Chikuunsai IV Tanabe
Born in Sakai, Osaka, the second son of third-generation bamboo craftsman Tanabe Takeunsai. After graduating from the Department of Sculpture, Faculty of Aesthetics, Tokyo University of the Arts, Chiku’unsai returned to his parents’ home in Sakai where he worked hard to master bamboo crafts under his father Takeunsai. In 2001, he was invited to exhibit his works at the Philadelphia Museum of Art Craft Show in the United States. He subsequently held exhibitions around the world, including at Boston’s Museum of Fine Arts, the British Museum, the Guimet National Museum of Asian Arts in France, and the Metropolitan Museum of Art.

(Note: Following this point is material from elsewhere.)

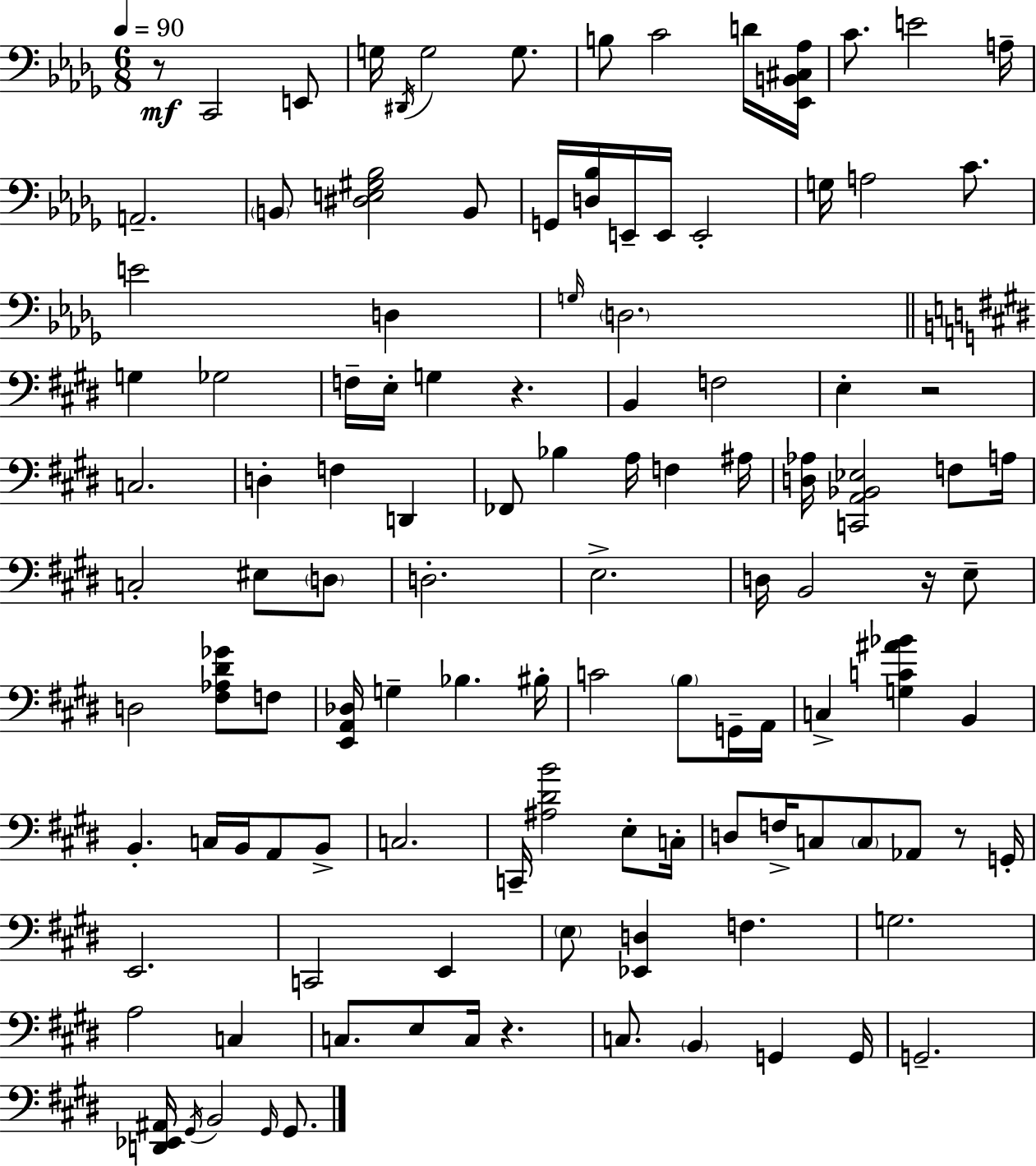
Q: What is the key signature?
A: BES minor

Based on the idea that “tradition is a challenge,” he continues to produce works with tradition- al objects such as flower vases and tea utensils while also creating installations using bamboo and contemporary objects. His installations in exhibition spaces throughout the world open up new possibilities for bamboo crafts.
Damien Jalet & JR
Damien Jalet is a world-class choreographer whose activities go beyond the realm of dance to include visual arts, music, film, theater, and fashion. His work “VESSEL,” created in collaboration with Kohei Nawa, caused a sensation when it premiered in Japan in 2016, and has been performed all over the world. In 2020, with the novel coronavirus rampant, Jalet was invited by the Paris Opera to collaborate with JR, pianist and composer Koki Nakano, and dancer Aimilios Arapoglou to perform “Brise-Lames,” a work for nine dancers. The Paris show was canceled due to the pandemic lockdown, but a video of their performance of “Brise-Lames” will be screened at KYOTOGRAPHIE 2021.

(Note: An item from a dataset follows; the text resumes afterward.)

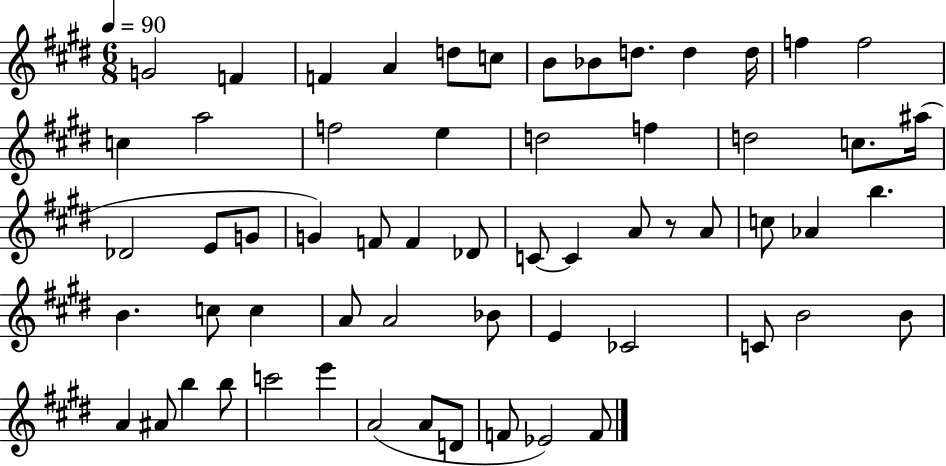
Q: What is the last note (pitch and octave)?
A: F4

JR is a French photographer and street artist who exhibits on city streets and in slums around the world. He was awarded the TED Prize in 2011, and in the same year started the participatory international art project “Inside Out”; as of March 2021, 420,000 people from 138 countries had taken part in this attention-attracting project. Portraits taken at huge photo booths set up world- wide or sent in by email are reproduced as black-and-white photographs which are pasted up in outdoor spaces all over the world.
LES DRÔLESSES by agnès b.
From May 28 to July 31, 2021, the Gallery MAGNIN-A will present Les Drôlesses, a series of photo- graphs taken by agnès b., in the spring of 2020 during confinement. These images stage two portraits of Claire Tabouret in the springtime decor of agnès’s garden dressed in creations from her personal wardrobe. Throughout the 80 images, Les Drôlesses tells the story of the mischievous and timeless agnès. It tells us about her childhood, the relationship between the designer and the artists and years of creation. She also tells us about a beautiful story of friendship born with André Magnin, thirty-two years ago as well as the admiration she has for the work of Claire Tabouret and some of her artist friends.
This show will exhibit as KYOTOGRAPHIE2021 associated program.